Each line of the listing, apart from the pictures, is to be printed exactly.
═══ Collected data ═══
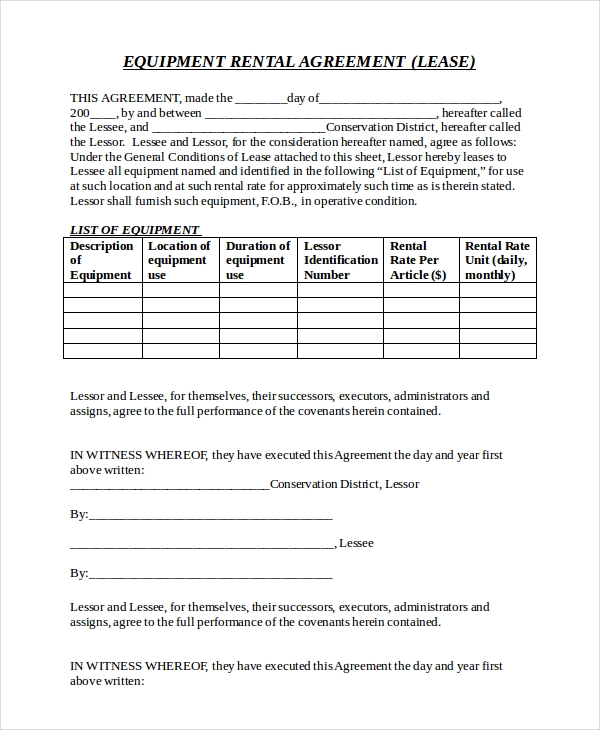 Word Doc Printable Equipment Rental Agreement Template Printable 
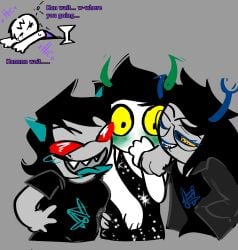 4girls alien alien_humanoid before_sex black_hair black_hair_female blush cheating clothed clothed_female colored_skin cuck cucking cuckold dialogue fangs female female_focus female_only grey_skin grey_skin homestuck homestuck_troll horn horns humanoid humanoid_alien kanaya_maryam long_hair long_hair_female netorare ntr rose_lalonde terezi_pyrope text tongue_out troll vampire vriska_serket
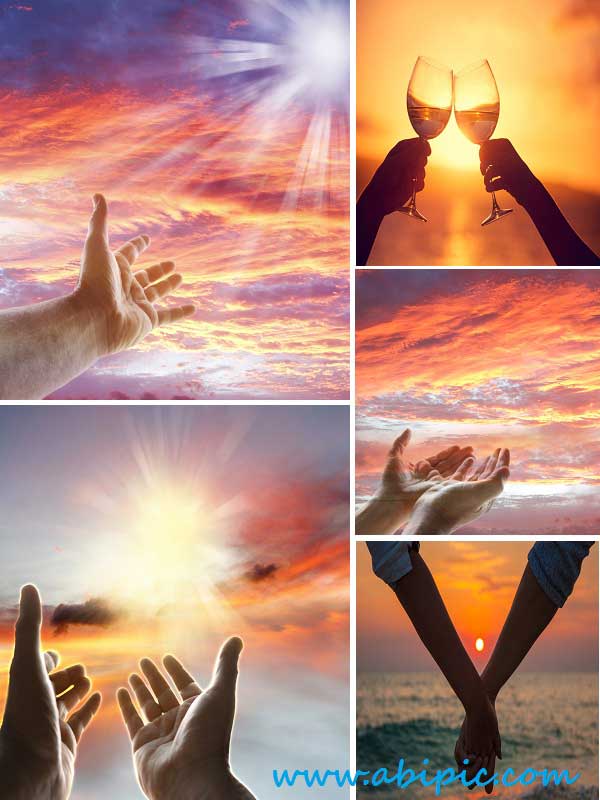 دانلود تصاویر استوک دست و غروب خورشید Stock Photo Hands and sunset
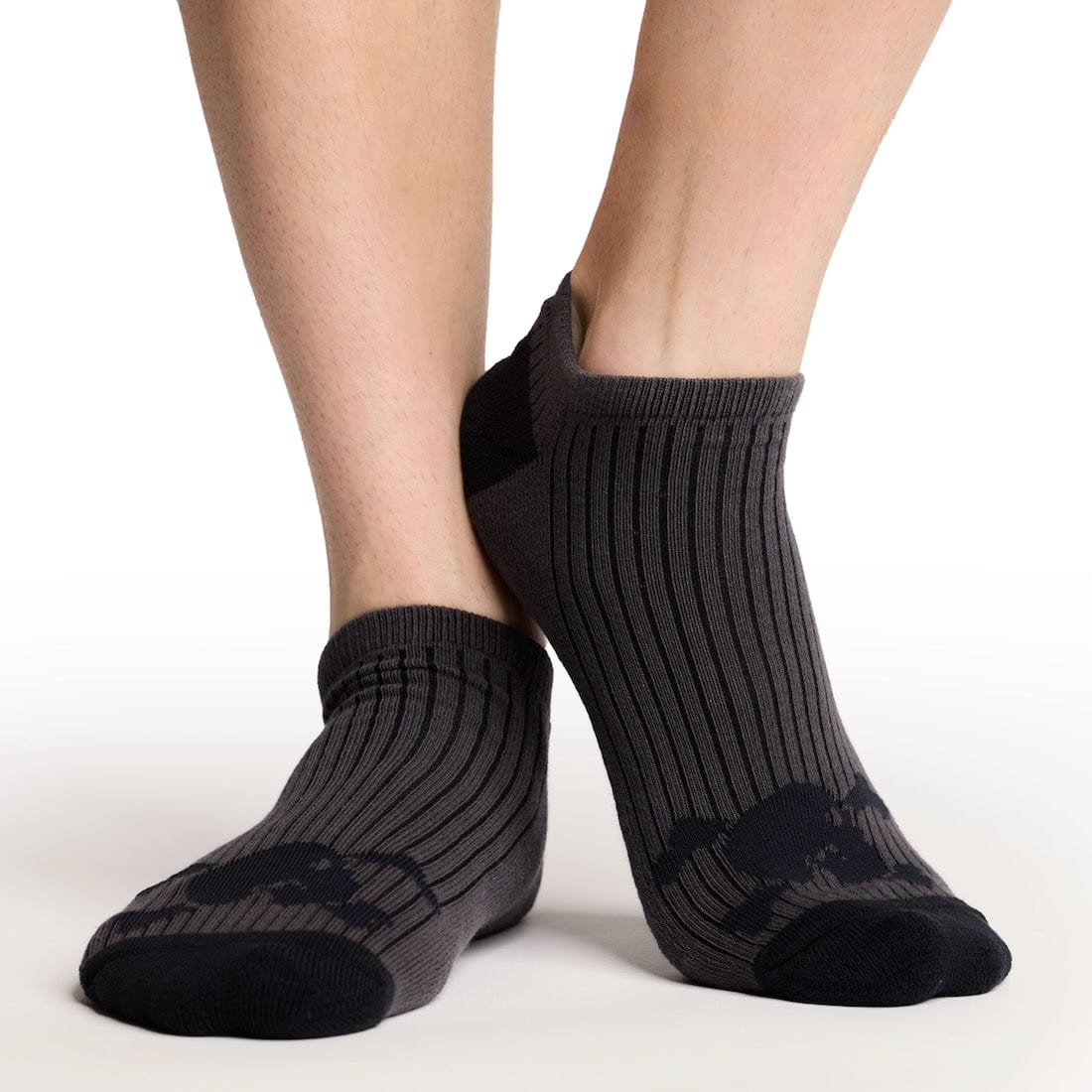 Skull & Bones No Show Socks - Grey Invisible Low Cut Socks for Men & Women - Perfect for Sneakers, Loafers & Casual Shoes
═══
▸ **Completed exercise**
 Word Doc Printable Equipment Rental Agreement Template Printable 
 4girls alien alien_humanoid before_sex black_hair black_hair_female blush cheating clothed clothed_female colored_skin cuck cucking cuckold dialogue fangs female female_focus female_only grey_skin grey_skin homestuck homestuck_troll horn horns humanoid humanoid_alien kanaya_maryam long_hair long_hair_female netorare ntr rose_lalonde terezi_pyrope text tongue_out troll vampire vriska_serket
 دانلود تصاویر استوک دست و غروب خورشید Stock Photo Hands and sunset
 Skull & Bones No Show Socks - Grey Invisible Low Cut Socks for Men & Women - Perfect for Sneakers, Loafers & Casual Shoes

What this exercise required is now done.